There’s no question AI is the future of radiology. But AI’s drive to widespread clinical use is going to hit some speed bumps along the way.
This week is a case in point. Two studies were published showing AI’s limitations and underscoring the challenges faced in making AI an everyday clinical reality.
In the first study, researchers found that radiologists outperformed four commercially available AI algorithms for analyzing chest X-rays (Annalise.ai, Milvue, Oxipit, and Siemens Healthineers) in a study of 2k patients in Radiology.
Researchers from Denmark found the AI tools had moderate to high sensitivity for three detection tasks:
- airspace disease (72%-91%)
- pneumothorax (63%-90%)
- pleural effusion (62%-95%).
But the algorithms also had higher false-positive rates and performance dropped in cases with smaller pathology and multiple findings. The findings are disappointing, especially since they got such widespread play in the mainstream media.

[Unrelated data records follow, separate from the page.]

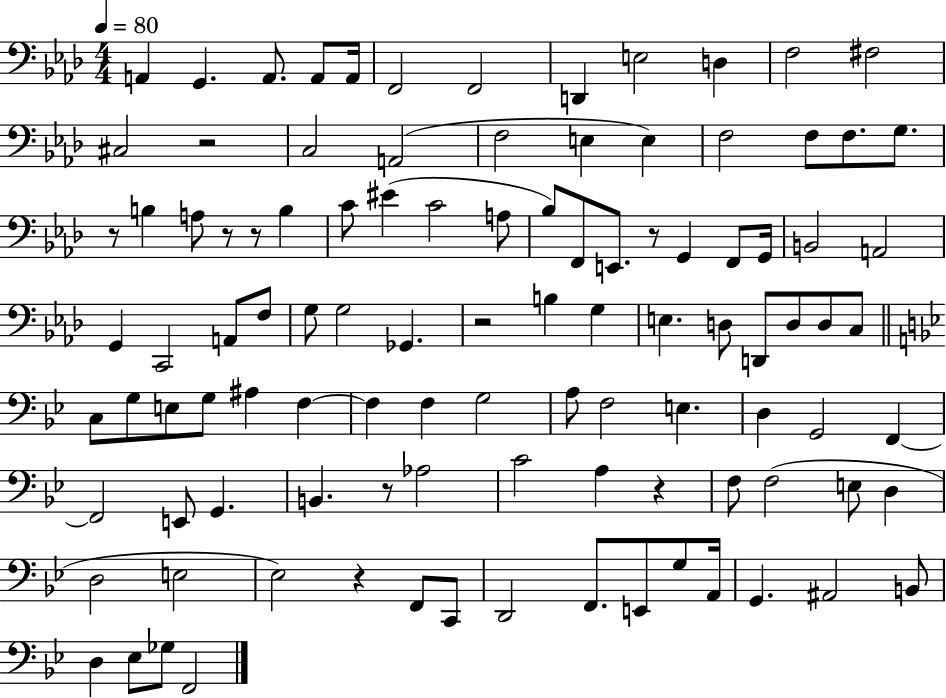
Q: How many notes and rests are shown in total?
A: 104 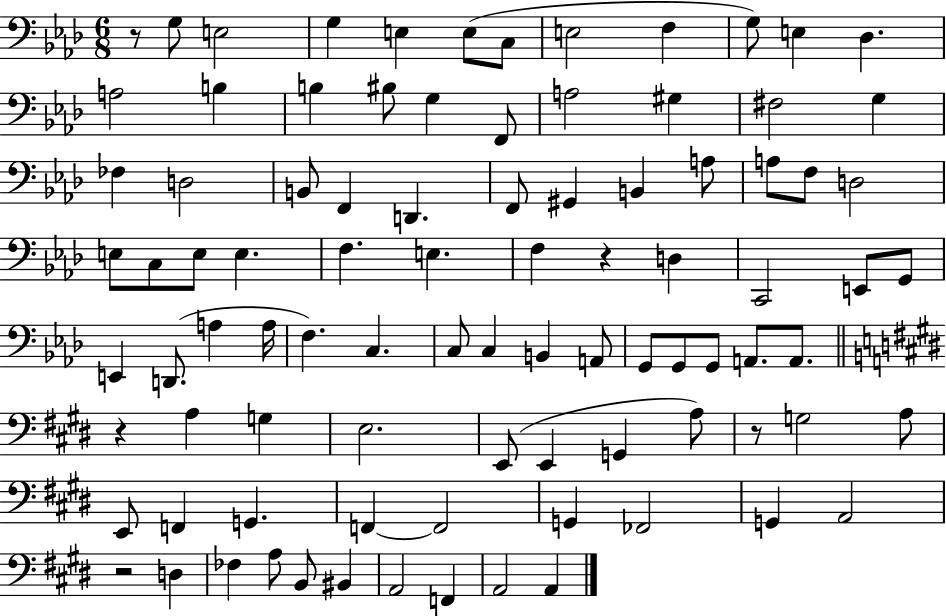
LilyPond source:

{
  \clef bass
  \numericTimeSignature
  \time 6/8
  \key aes \major
  r8 g8 e2 | g4 e4 e8( c8 | e2 f4 | g8) e4 des4. | \break a2 b4 | b4 bis8 g4 f,8 | a2 gis4 | fis2 g4 | \break fes4 d2 | b,8 f,4 d,4. | f,8 gis,4 b,4 a8 | a8 f8 d2 | \break e8 c8 e8 e4. | f4. e4. | f4 r4 d4 | c,2 e,8 g,8 | \break e,4 d,8.( a4 a16 | f4.) c4. | c8 c4 b,4 a,8 | g,8 g,8 g,8 a,8. a,8. | \break \bar "||" \break \key e \major r4 a4 g4 | e2. | e,8( e,4 g,4 a8) | r8 g2 a8 | \break e,8 f,4 g,4. | f,4~~ f,2 | g,4 fes,2 | g,4 a,2 | \break r2 d4 | fes4 a8 b,8 bis,4 | a,2 f,4 | a,2 a,4 | \break \bar "|."
} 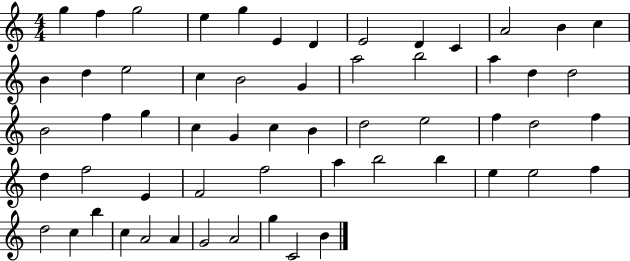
{
  \clef treble
  \numericTimeSignature
  \time 4/4
  \key c \major
  g''4 f''4 g''2 | e''4 g''4 e'4 d'4 | e'2 d'4 c'4 | a'2 b'4 c''4 | \break b'4 d''4 e''2 | c''4 b'2 g'4 | a''2 b''2 | a''4 d''4 d''2 | \break b'2 f''4 g''4 | c''4 g'4 c''4 b'4 | d''2 e''2 | f''4 d''2 f''4 | \break d''4 f''2 e'4 | f'2 f''2 | a''4 b''2 b''4 | e''4 e''2 f''4 | \break d''2 c''4 b''4 | c''4 a'2 a'4 | g'2 a'2 | g''4 c'2 b'4 | \break \bar "|."
} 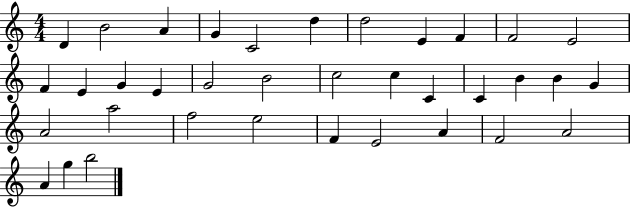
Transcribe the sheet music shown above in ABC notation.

X:1
T:Untitled
M:4/4
L:1/4
K:C
D B2 A G C2 d d2 E F F2 E2 F E G E G2 B2 c2 c C C B B G A2 a2 f2 e2 F E2 A F2 A2 A g b2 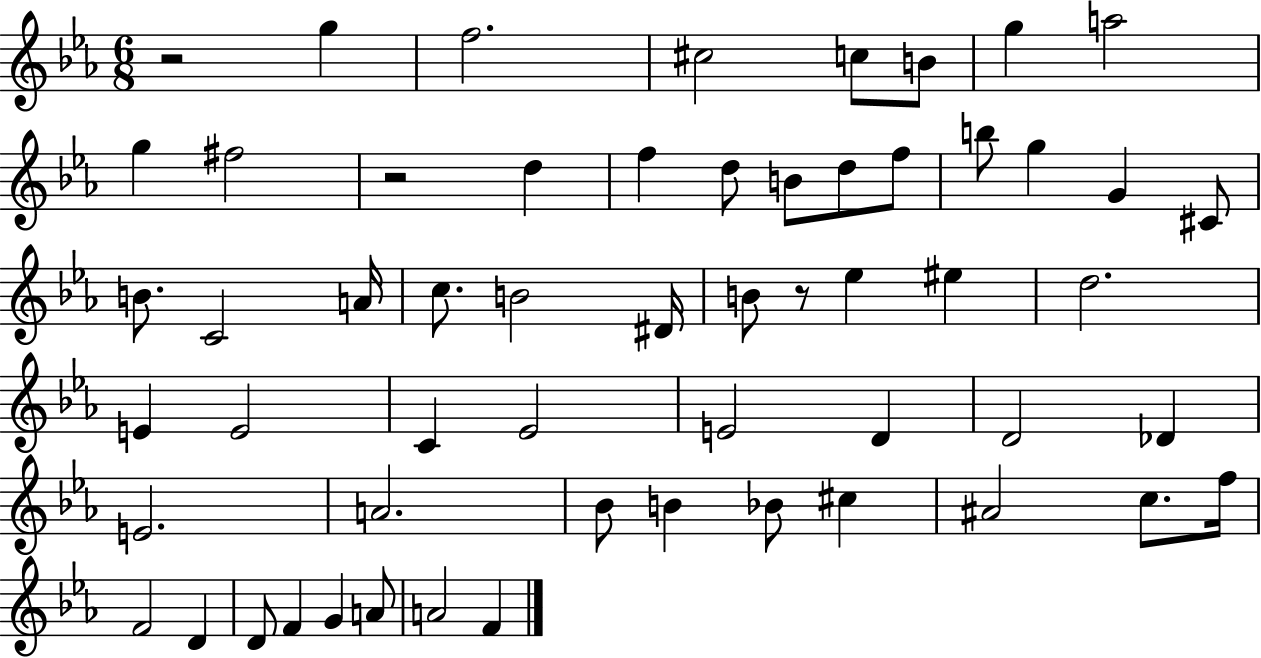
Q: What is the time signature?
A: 6/8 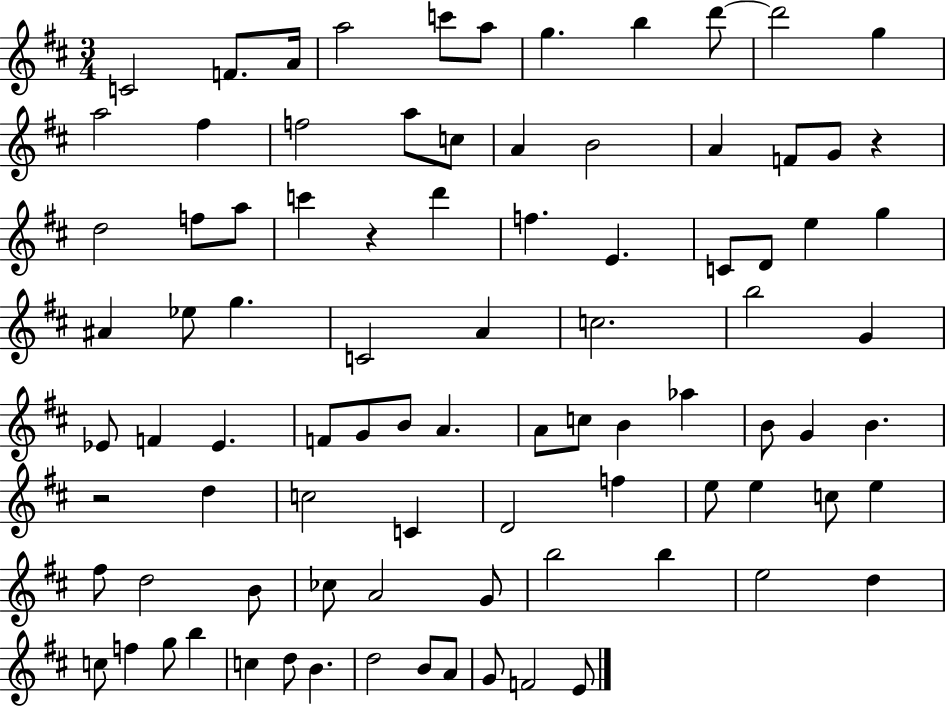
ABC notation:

X:1
T:Untitled
M:3/4
L:1/4
K:D
C2 F/2 A/4 a2 c'/2 a/2 g b d'/2 d'2 g a2 ^f f2 a/2 c/2 A B2 A F/2 G/2 z d2 f/2 a/2 c' z d' f E C/2 D/2 e g ^A _e/2 g C2 A c2 b2 G _E/2 F _E F/2 G/2 B/2 A A/2 c/2 B _a B/2 G B z2 d c2 C D2 f e/2 e c/2 e ^f/2 d2 B/2 _c/2 A2 G/2 b2 b e2 d c/2 f g/2 b c d/2 B d2 B/2 A/2 G/2 F2 E/2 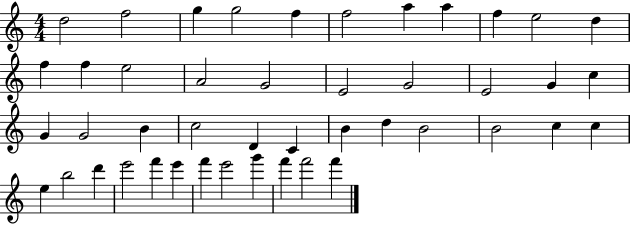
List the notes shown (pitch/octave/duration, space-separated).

D5/h F5/h G5/q G5/h F5/q F5/h A5/q A5/q F5/q E5/h D5/q F5/q F5/q E5/h A4/h G4/h E4/h G4/h E4/h G4/q C5/q G4/q G4/h B4/q C5/h D4/q C4/q B4/q D5/q B4/h B4/h C5/q C5/q E5/q B5/h D6/q E6/h F6/q E6/q F6/q E6/h G6/q F6/q F6/h F6/q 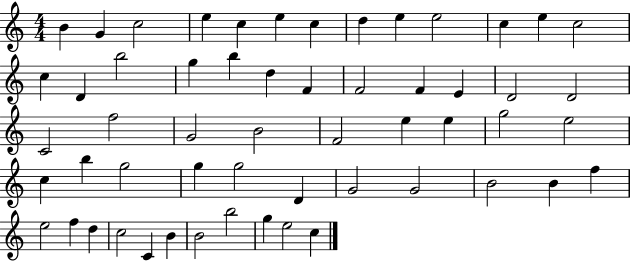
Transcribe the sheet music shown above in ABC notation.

X:1
T:Untitled
M:4/4
L:1/4
K:C
B G c2 e c e c d e e2 c e c2 c D b2 g b d F F2 F E D2 D2 C2 f2 G2 B2 F2 e e g2 e2 c b g2 g g2 D G2 G2 B2 B f e2 f d c2 C B B2 b2 g e2 c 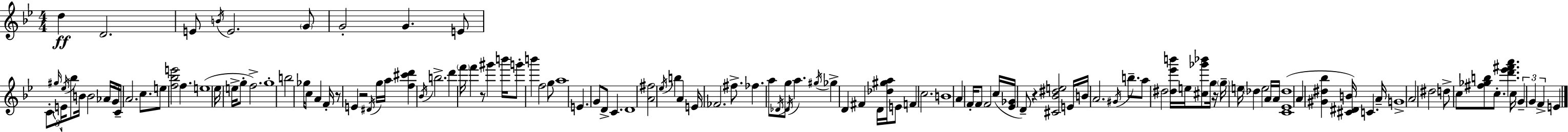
D5/q D4/h. E4/e B4/s E4/h. G4/e G4/h G4/q. E4/e C4/e G#5/s E4/s Eb5/s Bb5/e B4/s B4/h Ab4/s G4/s C4/s A4/h. C5/e. E5/e [F5,Bb5,E6]/h F5/q. E5/w Eb5/s E5/s G5/e F5/h. G5/w B5/h Gb5/s C5/e A4/q F4/s R/e E4/q R/h D#4/s G5/s A5/s [F5,C#6,D6]/q Bb4/s B5/h. D6/q F6/s F6/q R/e G#6/q B6/s G6/e B6/q F5/h G5/e A5/w E4/q. G4/e D4/e C4/q. D4/w [A4,F#5]/h Eb5/s B5/q A4/q E4/s FES4/h. F#5/e. FES5/q. A5/e Db4/s G5/e Db4/s A5/q. G#5/s Gb5/q D4/q F#4/q D4/s [Db5,G#5,A5]/s E4/e F4/q C5/h. B4/w A4/q F4/s F4/e F4/h C5/s [Eb4,Gb4]/s D4/e R/q [C#4,Bb4,D#5,E5]/h E4/s B4/s A4/h. G#4/s B5/e. A5/e D#5/h [D#5,Eb6,B6]/s E5/s [C#5,Gb6,Bb6]/e G5/s R/s G5/s E5/s Db5/q E5/h A4/s A4/s [C4,Eb4,Db5]/w A4/q [G#4,D#5,Bb5]/q [C#4,D#4,B4]/s C4/q. A4/s G4/w A4/h D#5/h D5/e C5/e [F#5,Gb5,B5]/e C5/e. [D6,Eb6,F#6,A6]/q. C5/s G4/q G4/q F4/q E4/q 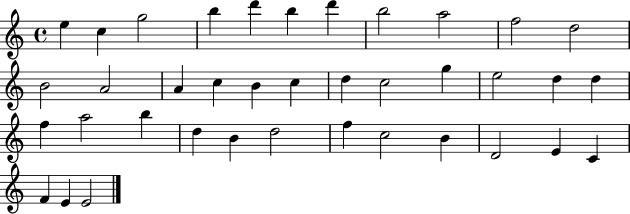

But this week’s second study also brought worrisome news, this time in Radiology: Artificial Intelligence about an AI training method called foundation models that many hope holds the key to better algorithms.
Foundation models are designed to address the challenge of finding enough high-quality data for AI training. Most algorithms are trained with actual de-identified clinical data that have been labeled and referenced to ground truth; foundation models are AI neural networks pre-trained with broad, unlabeled data and then fine-tuned with smaller volumes of more detailed data to perform specific tasks.
Researchers in the new study found that a chest X-ray algorithm trained on a foundation model with 800k images had lower performance than an algorithm trained with the CheXpert reference model in a group of 42.9k patients. The foundation model’s performance lagged for four possible results – no finding, pleural effusion, cardiomegaly, and pneumothorax – as follows…
- Lower by 6.8-7.7% in females for the “no finding” result
- Down by 10.7-11.6% in Black patients in detecting pleural effusion
- Lower performance across all groups for classifying cardiomegaly
The decline in female and Black patients is particularly concerning given recent studies on bias and lack of generalizability for AI.
The Takeaway
This week’s studies show that there’s not always going to be a clear road ahead for AI in its drive to routine clinical use. The study on foundation models in particular could have ramifications for AI developers looking for a shortcut to faster algorithm development. They may want to slow their roll.